Come scrive Peter Davidson, il Nord è prima di tutto un’idea che
si sottrae sempre a ogni tentativo di raggiungerlo, ritraendosi verso la notte polare o verso l’aurora di mezzanotte nel cielo estivo. Ciascuno porta in sé la sua idea del nord. Dire «questa notte partiamo per il nord» evoca immediati pensieri di un luogo più aspro, un luogo di privazioni: alture, tempo avverso, lontananza dai centri abitati. Un viaggio volontario verso il nord presuppone un desiderio di confrontarsi con gli aspetti più difficili del clima, della topografia, dell’umanità. Per la narrativa anglofona la battuta «questa notte partiamo per il nord» troverebbe spazio in un thriller, in un film d’azione, o d’avventura, o di conquista di una terra selvaggia.
Il Grande Nord, quello con la maiuscola, evoca generalmente l’idea di un luogo di frontiera dai connotati estremi e disumani. Per il creatore di fiabe Hans Christian Andersen, autore de La regina delle nevi, non è altro che un castello di ghiaccio:
le pareti del castello erano formate dalla neve che cadeva, le finestre e le porte dai venti che soffiavano; c’erano più di cento saloni, secondo la forma che prendeva la neve caduta; il più grande si allungava per molte miglia, tutti erano illuminati dall’aurora boreale ed erano grandi, vuoti, gelati, luminosi. L’allegria non arrivava, mai c’era stato un ballo di orsacchiotti in cui la tempesta intonasse una musica, e gli orsi camminassero sulle zampe posteriori, mai c’erano stati giullari che facessero ballare gli orsi polari, mai una riunione per bere il caffè con le bianche signore volpi, tutto era vuoto, enorme e gelato nelle sale della regina della neve.
Matthew Henson, il nero che nel 1909 accompagna Robert Peary al Polo Nord, addolcisce l’idea paragonando la mezzanotte artica a «un tardo pomeriggio newyorchese il 4 di luglio». Il nord ha la stessa luce e le stesse magie, dice Henson, intendendo che bisogna andare incontro al crepuscolo per cogliere il fraseggio delle ombre.
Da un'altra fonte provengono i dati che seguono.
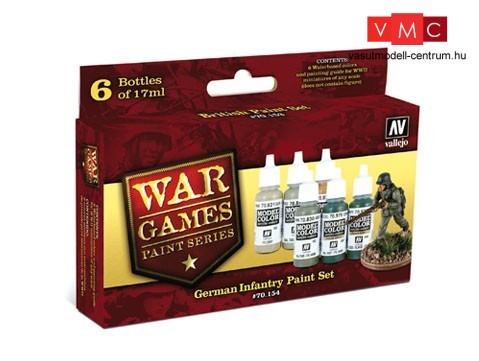 Vallejo 70154 War Games Paint Series - German Infantry Paint Set (6 x 17ml)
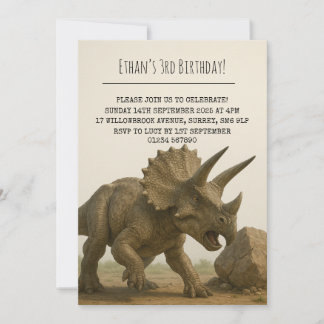 Realistisk triceratops Dinosaur i Rocky Birthday Inbjudningar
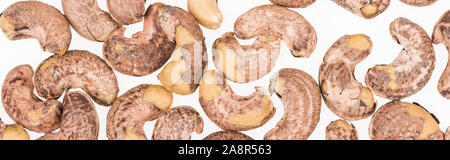 top view of cashew nuts isolated on white, panoramic shot Stock Photo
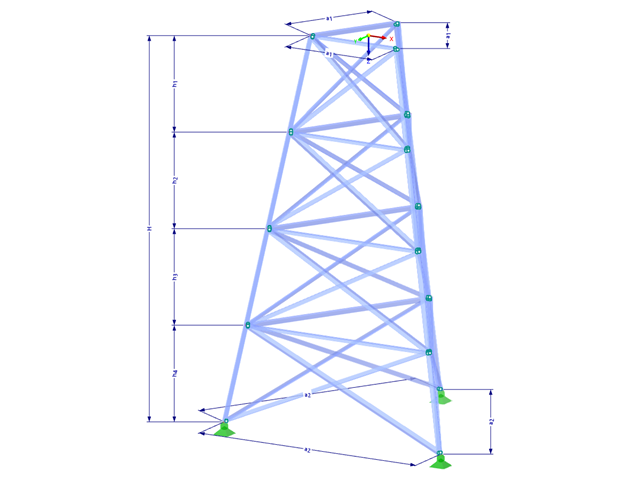 Modell 002336 | TST035-a | Gittermast | Dreieckiger Grundriss | X-Diagonalen (nicht verbunden) & Horizontalen mit Parametern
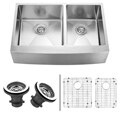 VIGO 33-inch Farmhouse Stainless Steel Kitchen Sink, Two Grids and Two Strainers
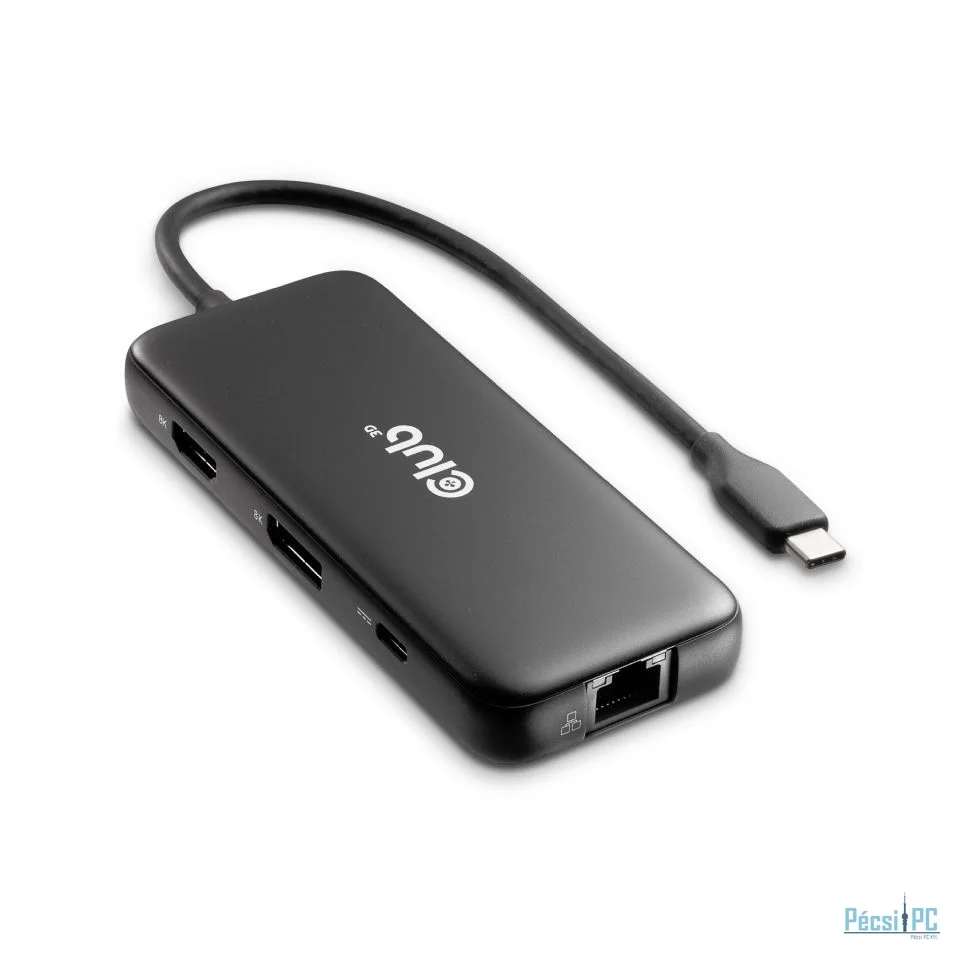 Club3D 8-1 Portable Dock USB Type-C 10Gbps to HDMI and DisplayPort 8K30Hz PD Max.100Watt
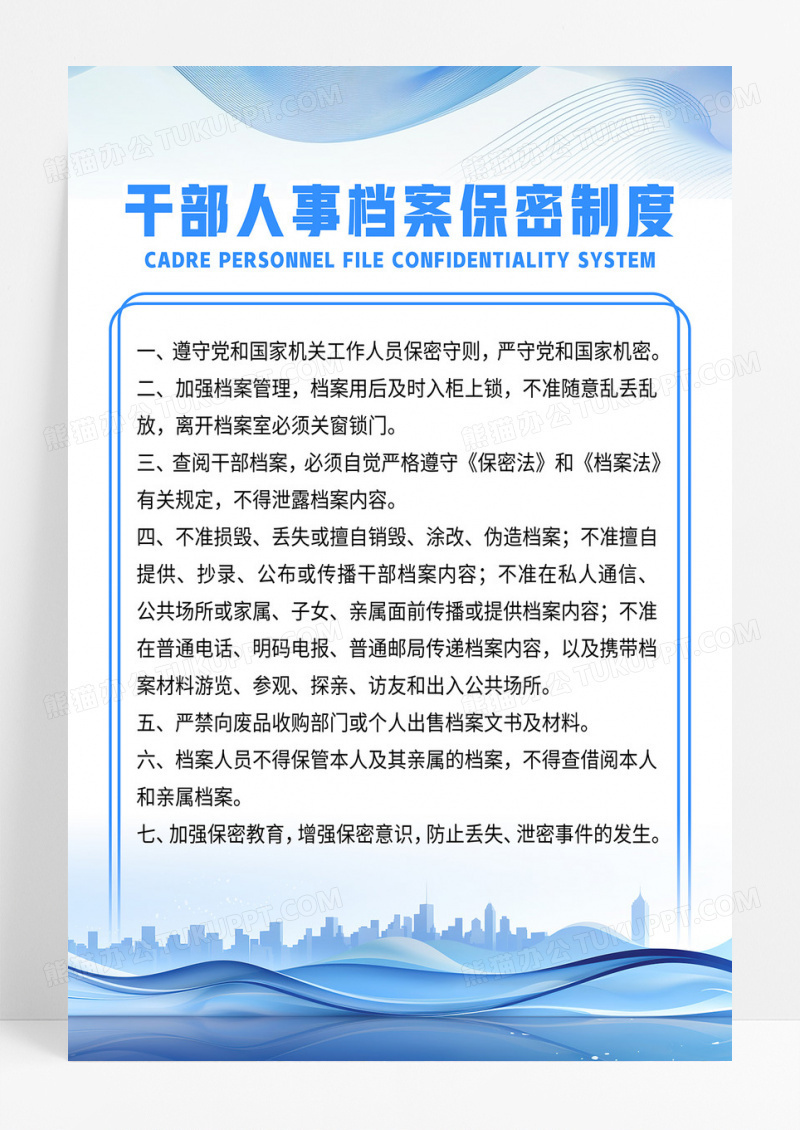 简约蓝色制度牌干部人事档案保密制度保密海报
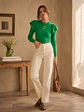 Sweater Verde Mujer Vuelos Hombros Crop Manga Larga - Miniatura 4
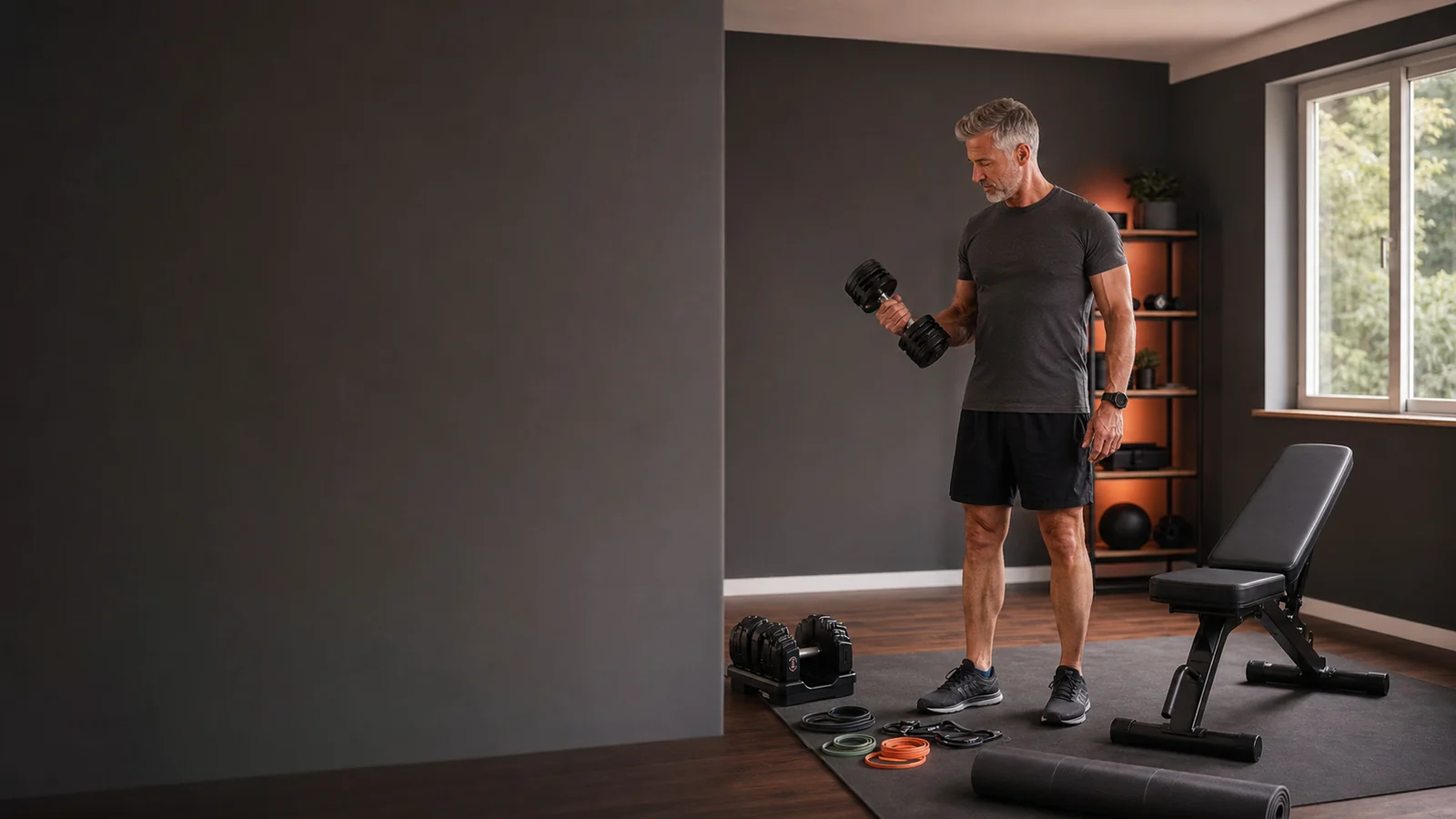 Home Gym Equipment Finder | Build the Right Setup 2 Active man over 50 choosing essential equipment in a compact home gym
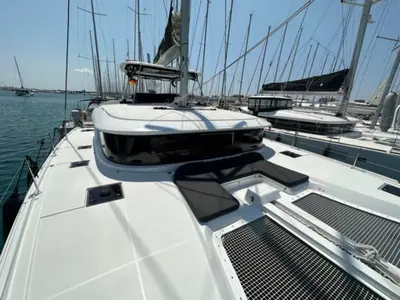 Cockpit of Mira, a Lagoon 46 catamaran at Sukošan, Croatia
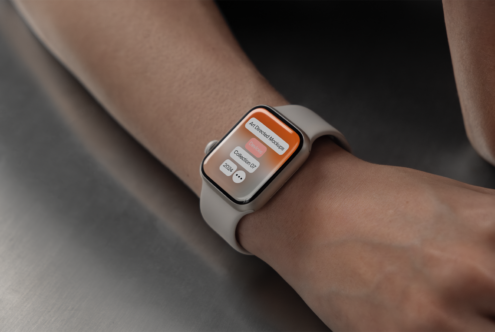 Smartwatch mockup featuring modern design on a wrist ideal for designers. Perfect for showcasing apps user interface digital assets.
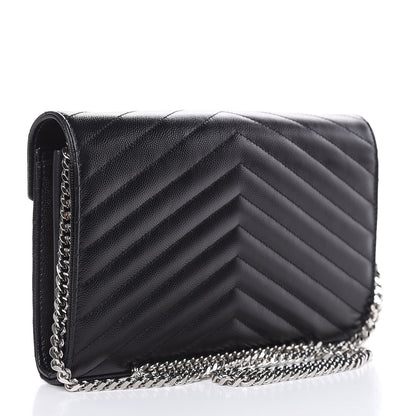 Saint Laurent Grain De Poudre Matelasse Chevron Monogram Chain Wallet Black 3 of 9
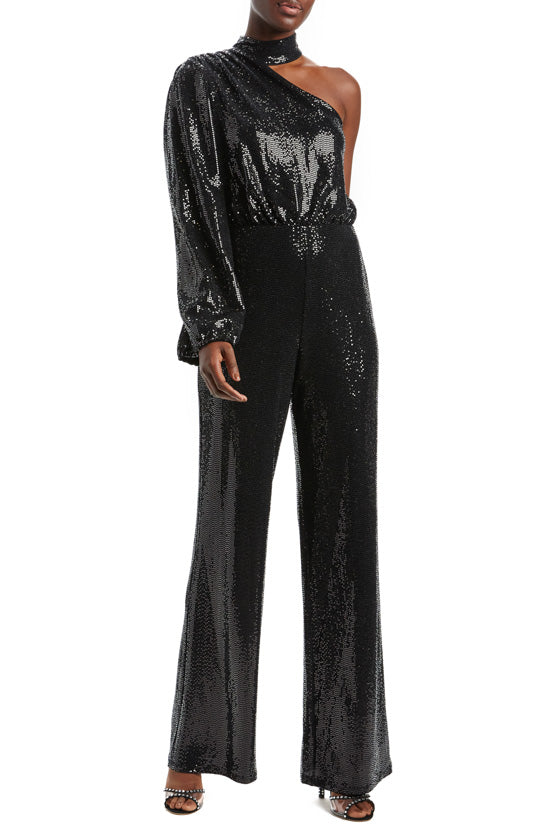 Sequined Flare Leg Jumpsuit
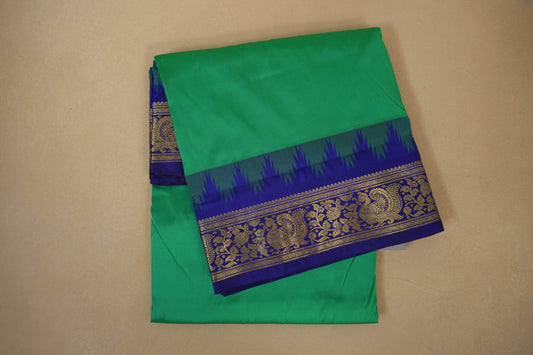 Green ten yards madisar silk saree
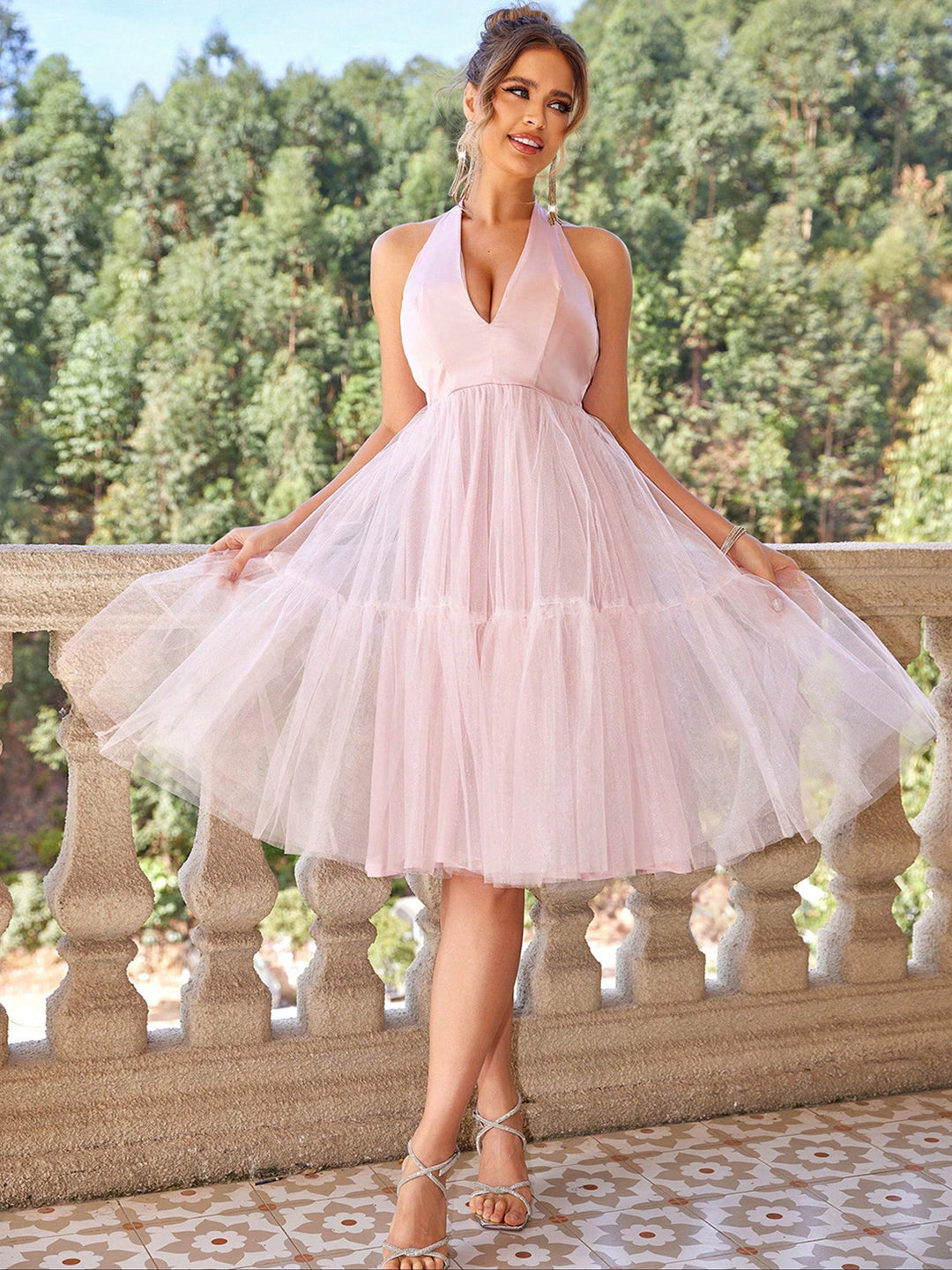 Blush Pink Backless Halter Neck Mini Dress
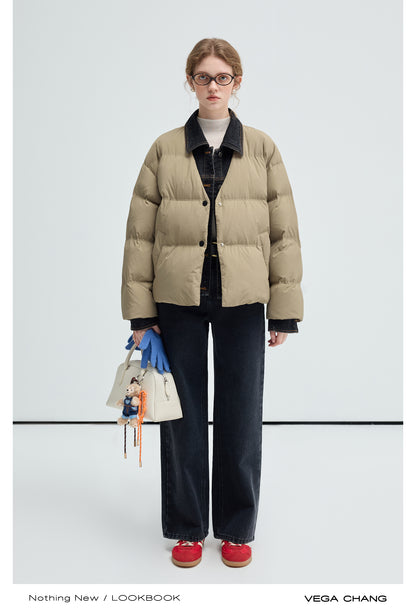 Layered-Look Duck Down Denim Collar Puffer Jacket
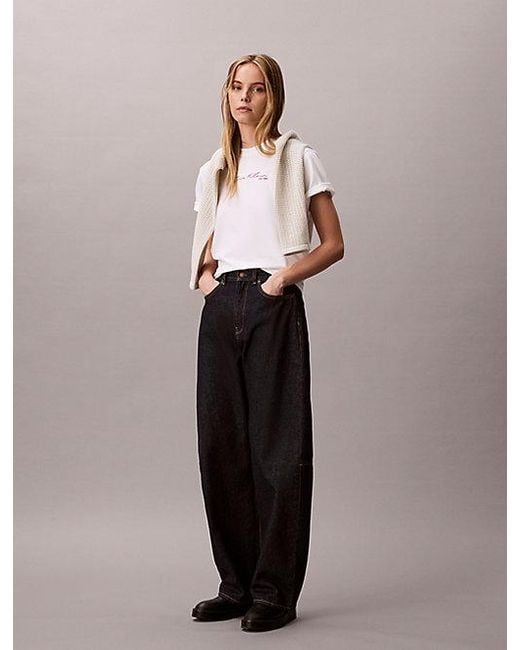 Calvin Klein Multicolor Jeans Relaxed Script Logo T-Shirt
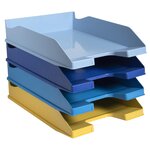 Set de 4 corbeilles-à-courrier Combo Midi Bee Blue - Couleurs assorties EXACOMPTA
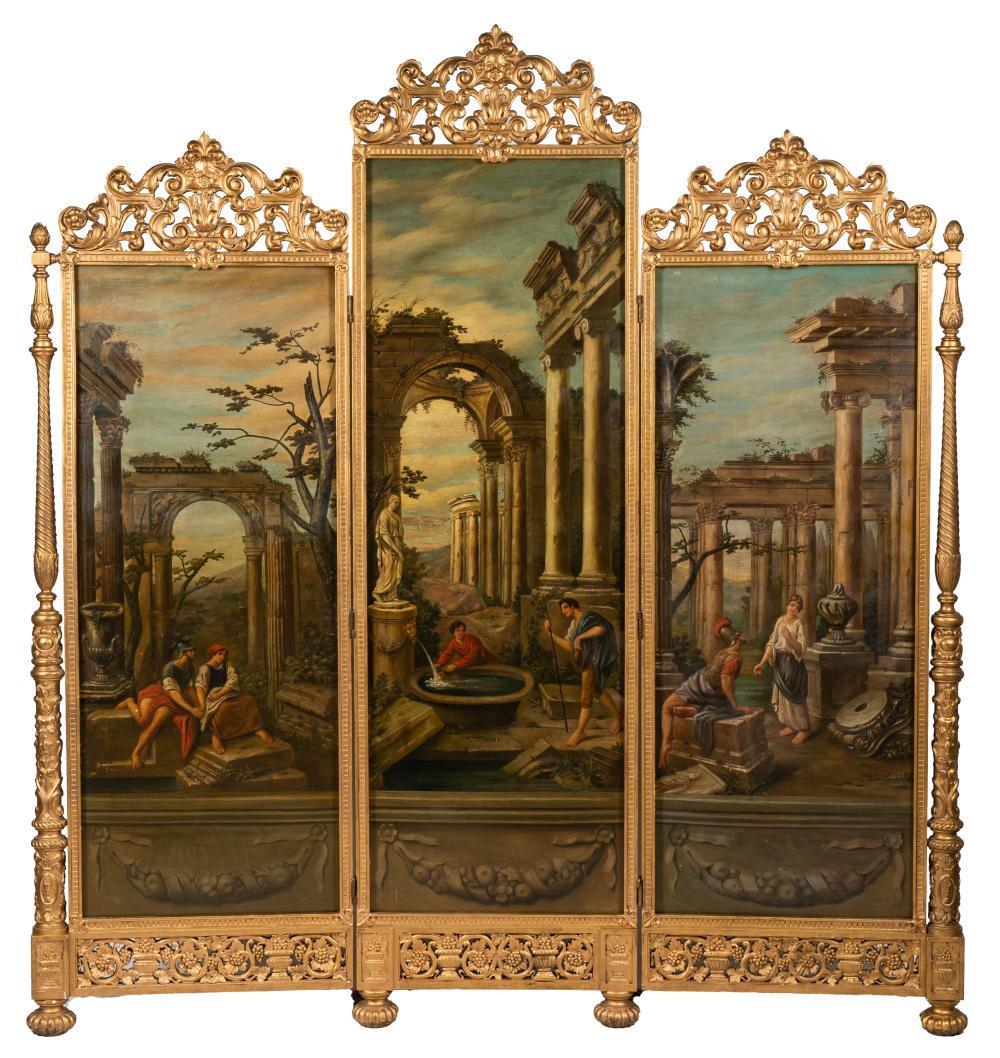 Appraisal: THREE-FOLD FLOOR SCREENpainted canvas panels in a giltwood frame the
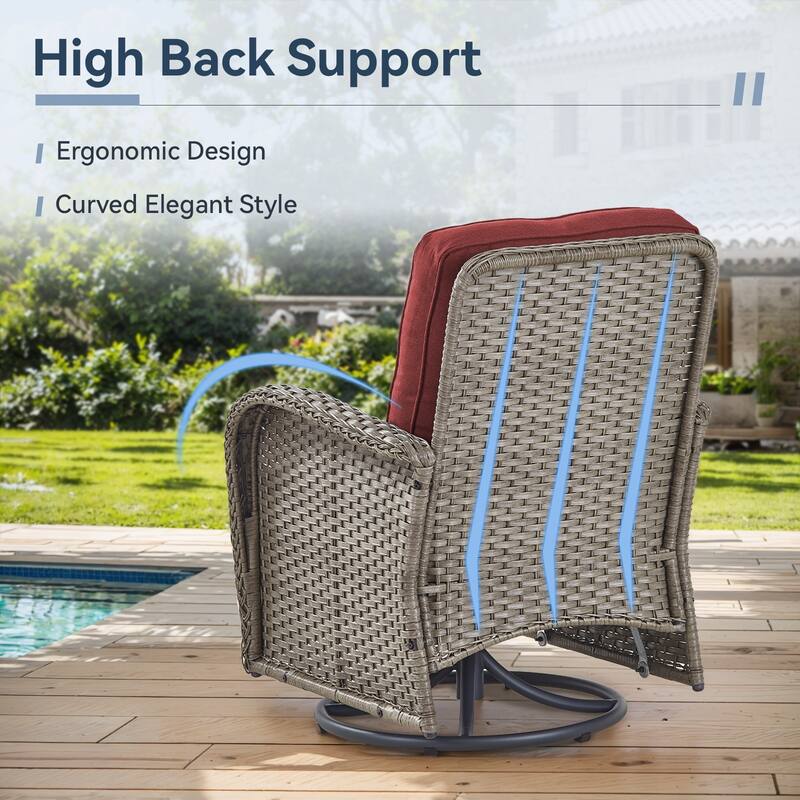 Gymojoy Patio Furniture Set Outdoor Wicker Swivel Glider Chairs Set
Nel 1950 lo scrittore svizzero Hans Ruesch, romanzando il Paese dalle Ombre Lunghe, divulga la filosofia degli uomini del nord: gli Inuit. «Quando Ernenek, svegliandosi, sollevava il capo dal sacco a pelo, il suo primo pensiero era di solito il mucchio di carne messa a marcire presso la lucerna perché diventasse tenera e gustosa». Già molti anni prima alcuni cacciatori artici avevano confidato a Fridtjof Nansen che ogni oggetto animato e inanimato ha un’anima: l’inua. Tutto è vivo lassù nel Nord: i sassi, le slitte, gli arpioni per la caccia alla foca, il ghiaccio che scricchiola sotto gli stivali, gli iceberg naviganti, le onde del mare e le nuvole in cielo. Anche la fame, la sete, il dolore e l’amore sono mossi dallo spirito della vita. Se si uccide un animale gli si chiede perdono e l’estate finisce con la festa del ringraziamento, quando i cacciatori esprimono riconoscenza agli animali sacrificati. Durante la cerimonia gettano in mare le ossa delle prede uccise affinché le anime possano rinascere.
Anche se nella maggioranza delle scuole del mondo s’insegna semplicemente agli studenti che gli eschimesi pescano il pesce di mare attraverso un buco nel ghiaccio e vivono rintanati nelle case di blocchi di neve che si chiamano igloo, l’idea che qualcuno viva vicino al Polo Nord evoca valori epici. Il mito trae forza dalla leggendaria sintonia tra la gente dell’Artico e il ghiaccio: distese bianche, ombre magre, lunghe notti per pensare e stagioni brevi per la caccia e la pesca. Buona parte del racconto ha caratteri magici e soprannaturali, certamente correlati ai luoghi in cui è nato e alle circostanze nelle quali è stato rivelato. La conoscenza scaturisce dai primi viaggi esplorativi verso le regioni artiche e cresce attraverso i diari e le memorie di favolosi incontri. Quando lo spirito pionieristico degli esploratori incrocia i popoli che vivono sul ghiaccio in condizioni estreme nascono scambi eccezionali.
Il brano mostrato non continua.